Cutting it fine

The main venue... Delhi Chief Minister Sheila Dikshit and Union Sports Minister M. S. Gill during the inauguration of the renovated Jawaharlal Nehru Stadium. The stadium was remodelled at a cost of Rs. 961 crore.-S. SUBRAMANIUM

Projects missing deadline after deadline, escalation of costs, compromising with the quality of material or expertise in the hurry to meet renewed deadlines… This's been the sad tale of India's preparation for the Commonwealth Games, scheduled to begin in New Delhi on October 3. By Rakesh Rao.

For nearly seven years after India won the bid to host the Commonwealth Games in New Delhi, the indifference of the common man towards the 71-nation multi-discipline event was quite apparent. In fact, ever since the Games got into the news for all the wrong reasons — beginning from some glaring flaws pertaining to the test events and construction of the facilities to the growing allegations of corruption in various deals — the nation has been rubbing its eyes in disbelief. The question most frequently asked is: whether these Games, costing in excess of Rs. 35,000 crore, are worth it?

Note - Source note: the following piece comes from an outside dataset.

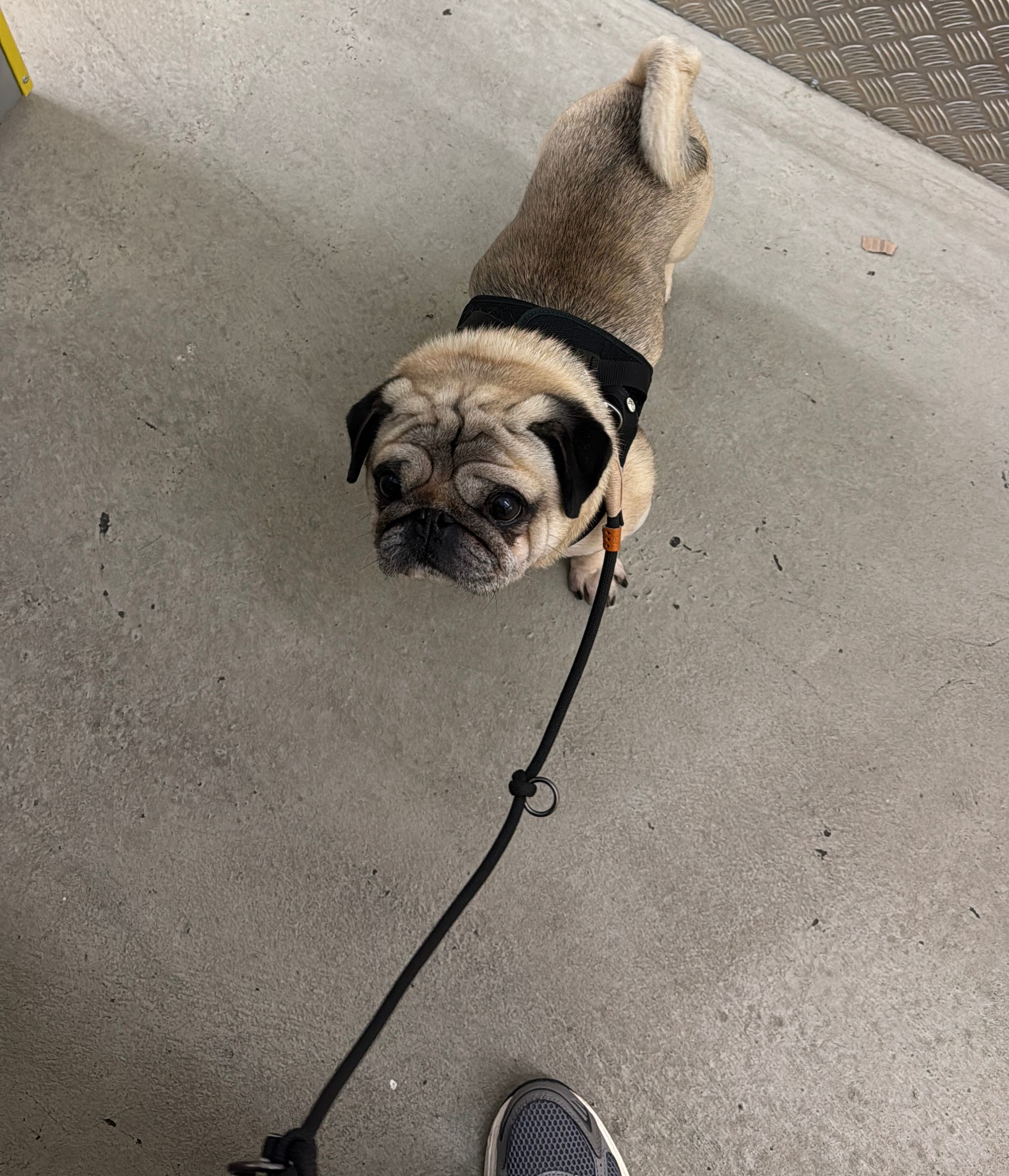 Balou - Kottbusser Damm 20, Berlin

With the Central Vigilance Commission (CVC) putting 16 projects under its scanner and handing over one of the cases to the Central Bureau of Investigation (CBI); two senior members of the Commonwealth Games Organising Committee suspended on suspicion of indulging in corrupt practices and its treasurer Anil Khanna resigning on “moral grounds” with less than two months to go for the Games, India has done its reputation no good.

Since 2003, even as the Capital got all the attention of the authorities at various levels to make it a “world class city,” worthy of matching the efforts of the two previous hosts Manchester (2002) and Melbourne (2006), the upcoming Games did not exactly excite the entire nation. Barring construction of the additional lines of the Metro Rail, every other Games-related project remained a non-starter until 2007, and some even till 2008. The construction or re-modelling of the stadiums began at least four years after the actual allotment of the Games to the country.

Going by the official figures, upgrading work on the Rs. 262-crore National Stadium (for hockey), the Rs. 669-crore Indira Gandhi Stadium (for gymnastics) and the Rs. 377-crore Shyama Prasad Mukherjee complex (for aquatics) were the first projects to start in 2007. The work on seven other projects, including the Jawaharlal Nehru Stadium (for athletics, Opening and Closing ceremonies) — remodelled at a cost of Rs. 961 crore — started in 2008, while the facility for Lawn Bowl within the stadium complex and construction of the velodrome in the Indira Gandhi Stadium complex started only in 2009.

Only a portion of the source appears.